SOURCE DATA section start

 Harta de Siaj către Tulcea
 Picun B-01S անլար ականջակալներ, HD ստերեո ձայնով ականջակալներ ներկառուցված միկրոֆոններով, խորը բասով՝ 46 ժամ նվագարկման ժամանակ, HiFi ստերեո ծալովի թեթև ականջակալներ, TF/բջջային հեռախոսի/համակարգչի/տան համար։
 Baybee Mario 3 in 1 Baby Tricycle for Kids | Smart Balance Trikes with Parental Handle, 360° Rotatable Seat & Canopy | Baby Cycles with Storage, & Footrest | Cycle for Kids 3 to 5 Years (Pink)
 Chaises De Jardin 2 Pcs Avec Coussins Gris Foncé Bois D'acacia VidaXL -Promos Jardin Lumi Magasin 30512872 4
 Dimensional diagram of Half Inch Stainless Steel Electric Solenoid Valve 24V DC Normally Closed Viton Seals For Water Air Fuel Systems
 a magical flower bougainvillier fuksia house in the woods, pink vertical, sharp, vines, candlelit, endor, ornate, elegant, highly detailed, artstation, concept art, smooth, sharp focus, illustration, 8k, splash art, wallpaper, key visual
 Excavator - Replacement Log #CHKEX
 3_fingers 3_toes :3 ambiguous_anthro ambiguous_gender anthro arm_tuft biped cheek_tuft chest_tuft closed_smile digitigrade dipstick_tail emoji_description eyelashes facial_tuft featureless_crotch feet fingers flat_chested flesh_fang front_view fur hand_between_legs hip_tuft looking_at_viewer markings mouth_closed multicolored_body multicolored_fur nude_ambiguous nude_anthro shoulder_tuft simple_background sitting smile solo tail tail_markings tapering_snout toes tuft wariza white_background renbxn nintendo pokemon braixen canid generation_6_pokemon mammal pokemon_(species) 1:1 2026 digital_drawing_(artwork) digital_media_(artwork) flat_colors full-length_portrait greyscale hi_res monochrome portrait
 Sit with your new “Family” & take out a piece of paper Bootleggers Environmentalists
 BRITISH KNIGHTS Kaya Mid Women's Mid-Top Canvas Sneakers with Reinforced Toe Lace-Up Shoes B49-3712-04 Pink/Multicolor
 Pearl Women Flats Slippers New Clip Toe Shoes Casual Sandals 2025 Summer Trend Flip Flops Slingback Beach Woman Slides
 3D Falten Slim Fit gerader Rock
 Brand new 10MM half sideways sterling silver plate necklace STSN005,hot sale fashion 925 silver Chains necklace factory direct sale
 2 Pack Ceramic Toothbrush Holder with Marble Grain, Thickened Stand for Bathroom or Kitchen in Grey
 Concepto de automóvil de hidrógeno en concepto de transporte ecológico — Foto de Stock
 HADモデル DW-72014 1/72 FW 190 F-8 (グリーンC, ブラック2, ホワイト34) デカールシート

SOURCE DATA section end

ASSIGNED TASK =
Read the listing above, then copy every line that includes the string "Women".

RESPONSE =
 BRITISH KNIGHTS Kaya Mid Women's Mid-Top Canvas Sneakers with Reinforced Toe Lace-Up Shoes B49-3712-04 Pink/Multicolor
 Pearl Women Flats Slippers New Clip Toe Shoes Casual Sandals 2025 Summer Trend Flip Flops Slingback Beach Woman Slides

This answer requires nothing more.